**Supplied material:**
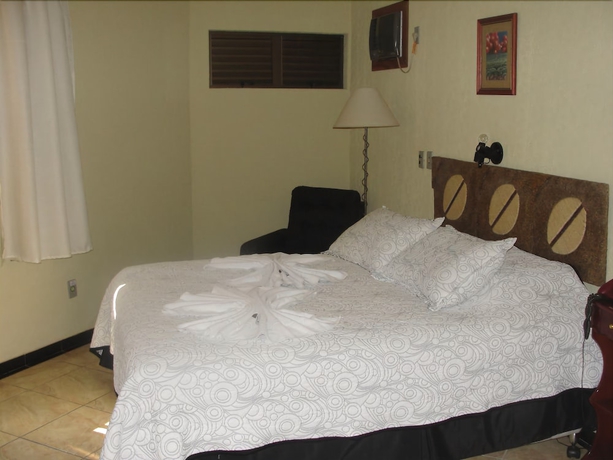 Imagen de la habitación del Hotel Caf&eacute; Palace. Foto 3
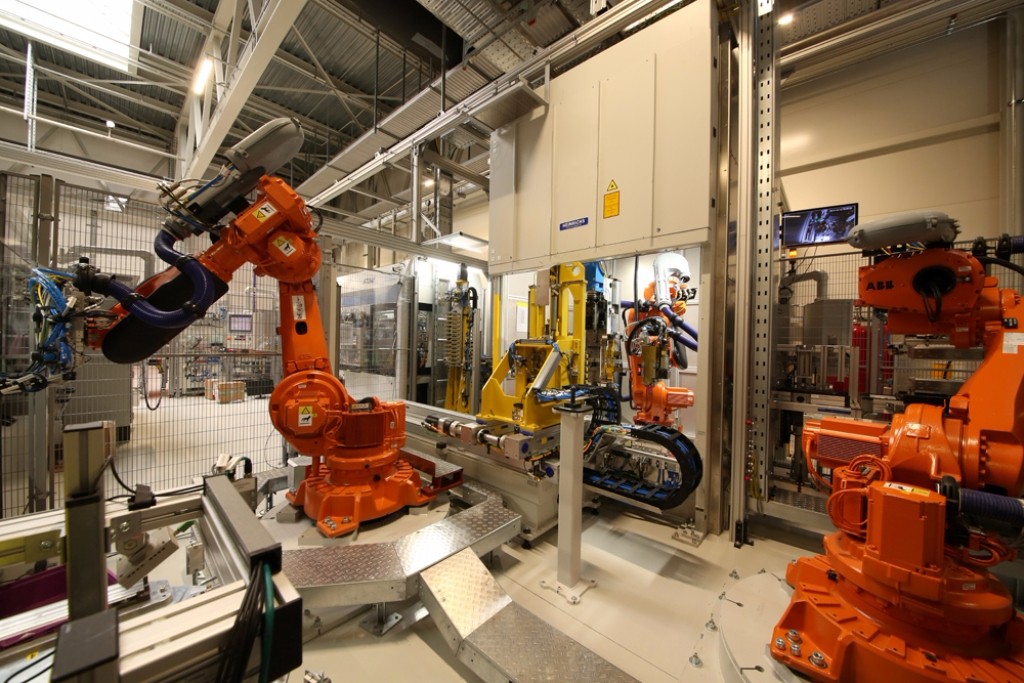 06.创新生产技术：模组生产线上的机器人.jpg
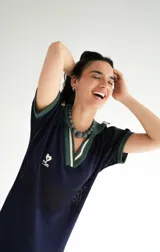 Remerón tejido color marrón con calados y cuello estilo camisa.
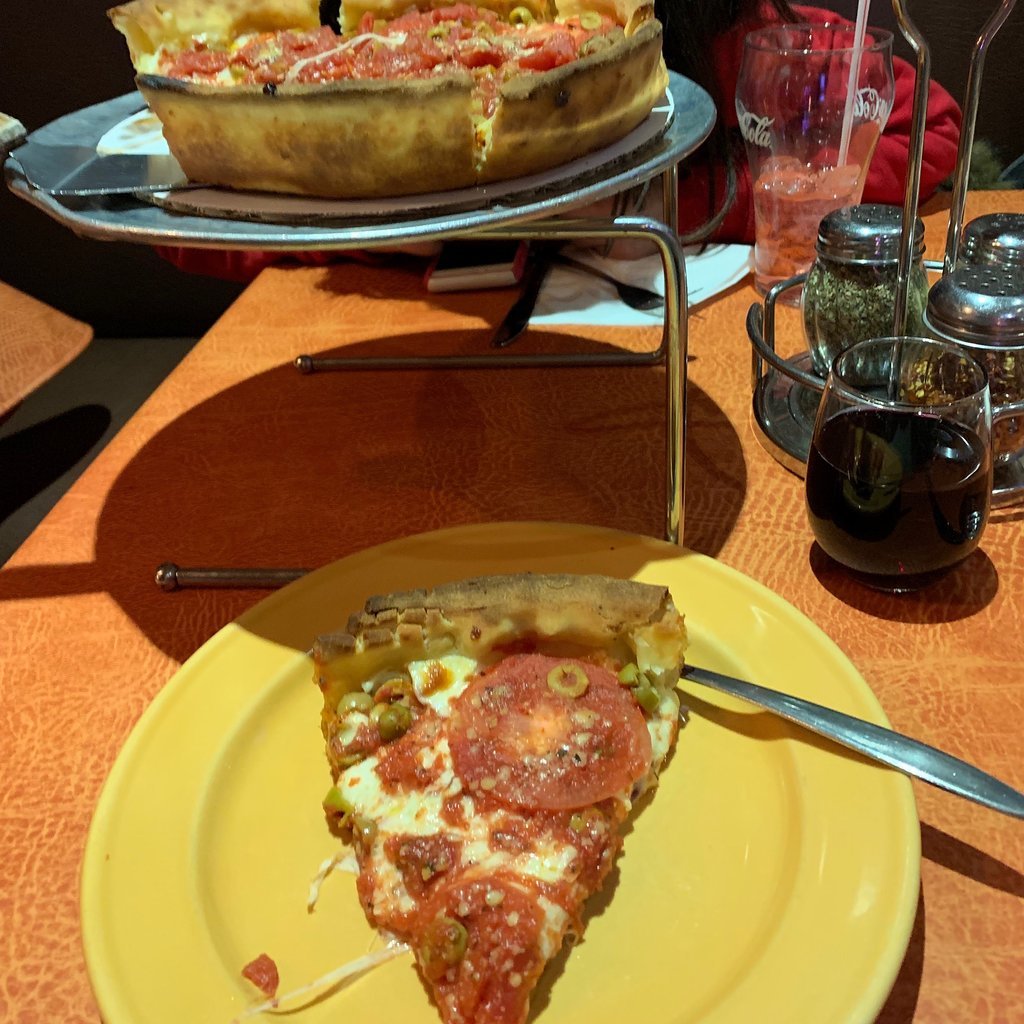 Chicago`s Pizza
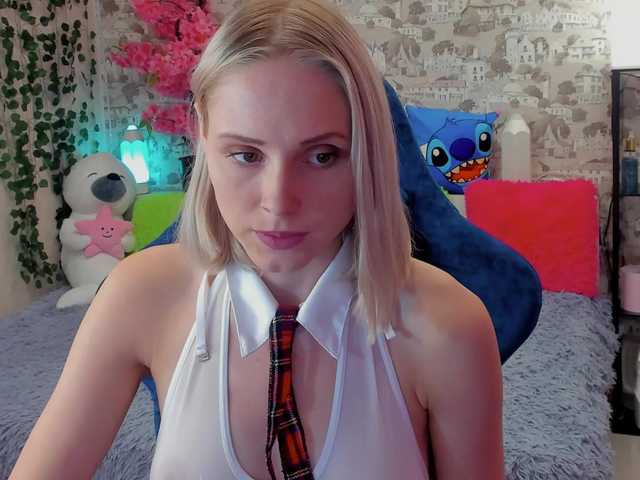 GinaGinaLove live webcam show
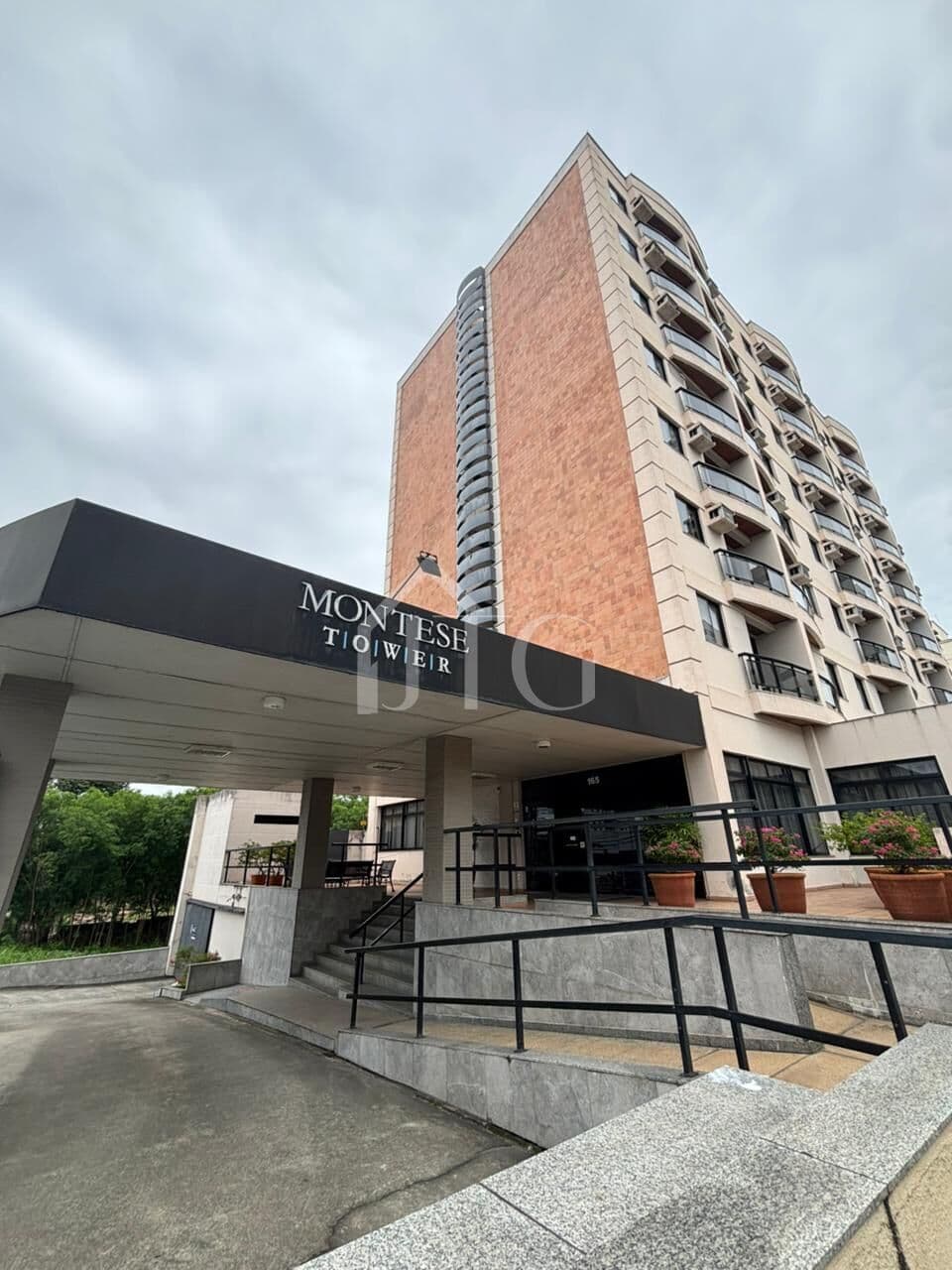 Apartamento mobiliado com 01 quarto no condomínio Montese Tower, no bairro Montese em Resende/RJ
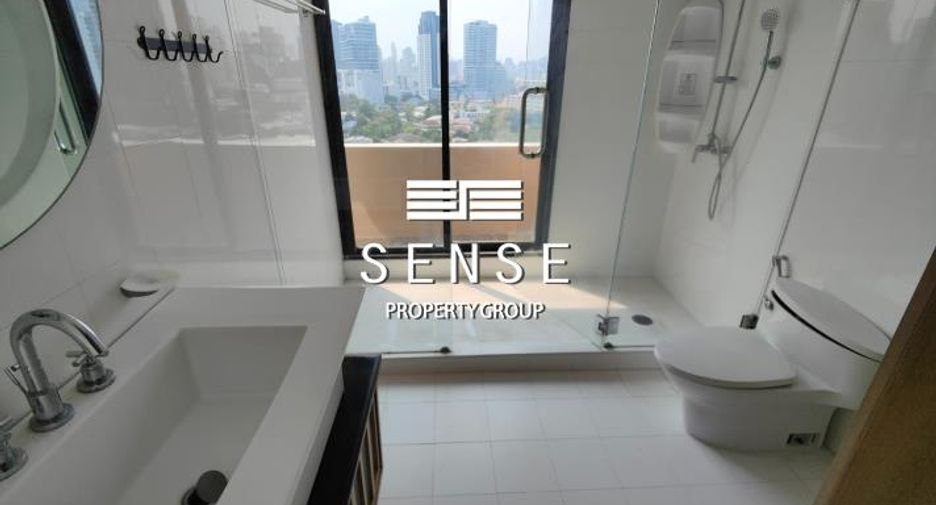 For sale 4 bedrooms condo in Watthana, Bangkok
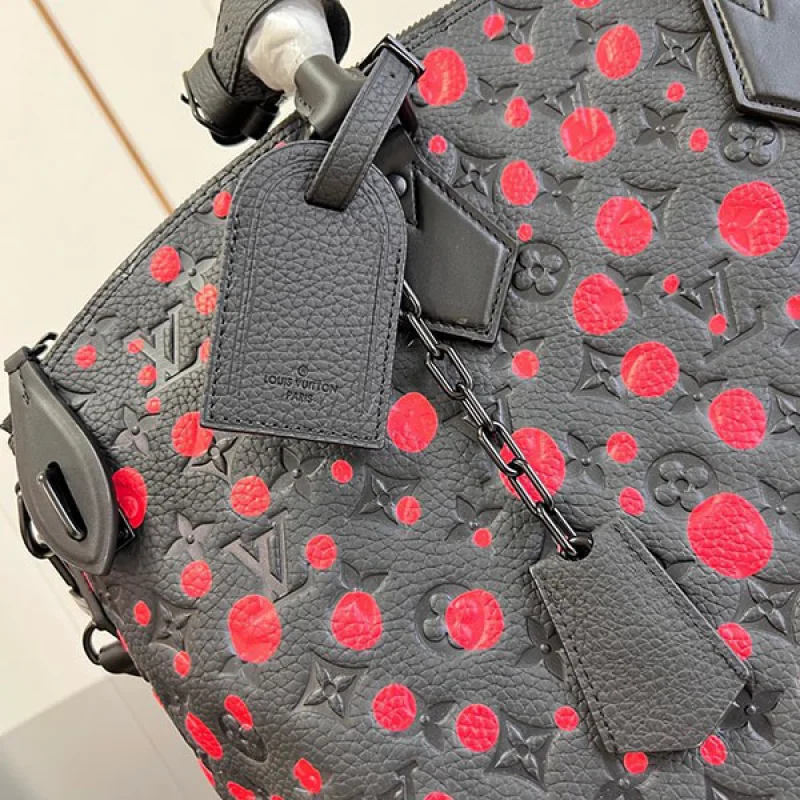 ルイヴィトン × YK 草間彌生 コラボ LOCK IT バッグ コピー 黒赤 たっぷり収納 M21676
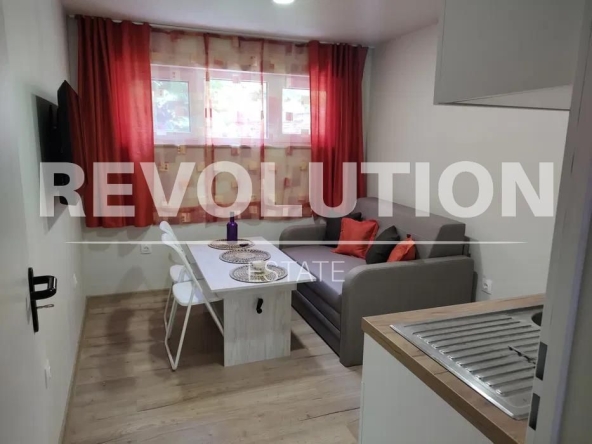 Дава се под наем Мезонет в Варна, Център - 49 кв.м за 375 € - Снимка #1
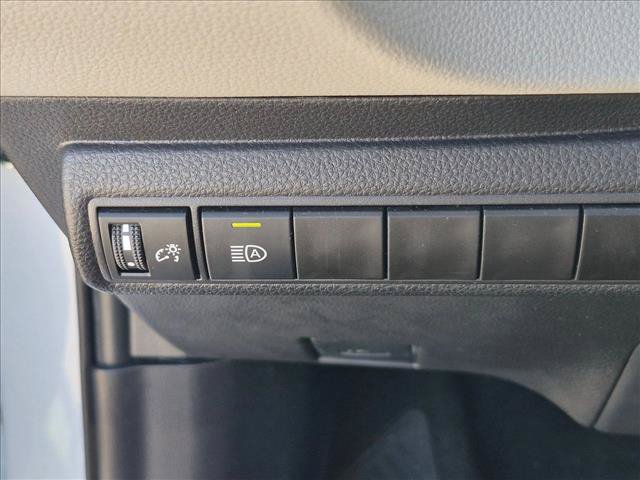 Used 2025 Toyota Corolla LE FWD image 13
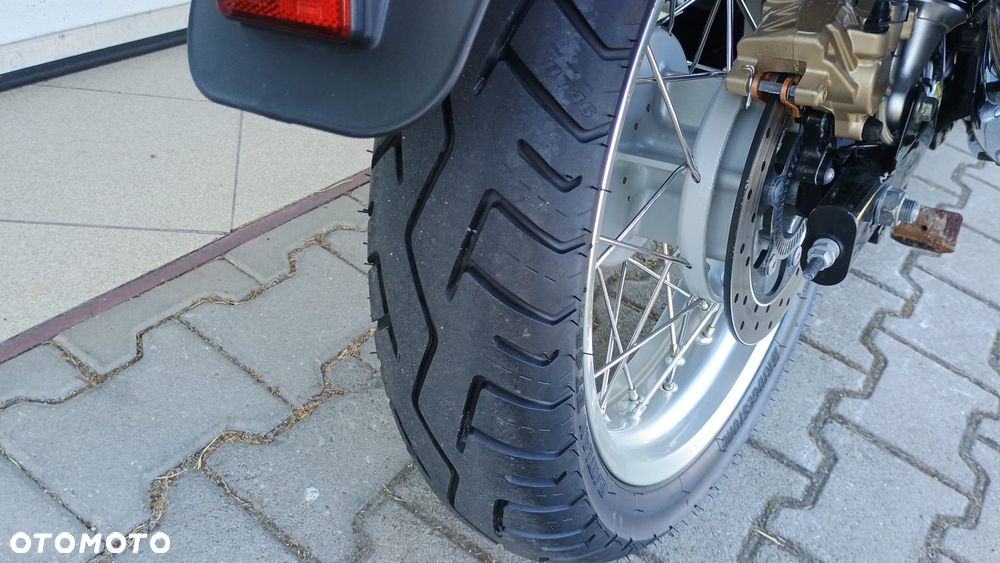 Royal Enfield Interceptor - 34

**What is required:** All of the material should be written out again exactly, apart from the pictures.

**Answer box:**
 Imagen de la habitación del Hotel Caf&eacute; Palace. Foto 3
 06.创新生产技术：模组生产线上的机器人.jpg
 Remerón tejido color marrón con calados y cuello estilo camisa.
 Chicago`s Pizza
 GinaGinaLove live webcam show
 Apartamento mobiliado com 01 quarto no condomínio Montese Tower, no bairro Montese em Resende/RJ
 For sale 4 bedrooms condo in Watthana, Bangkok
 ルイヴィトン × YK 草間彌生 コラボ LOCK IT バッグ コピー 黒赤 たっぷり収納 M21676
 Дава се под наем Мезонет в Варна, Център - 49 кв.м за 375 € - Снимка #1
 Used 2025 Toyota Corolla LE FWD image 13
 Royal Enfield Interceptor - 34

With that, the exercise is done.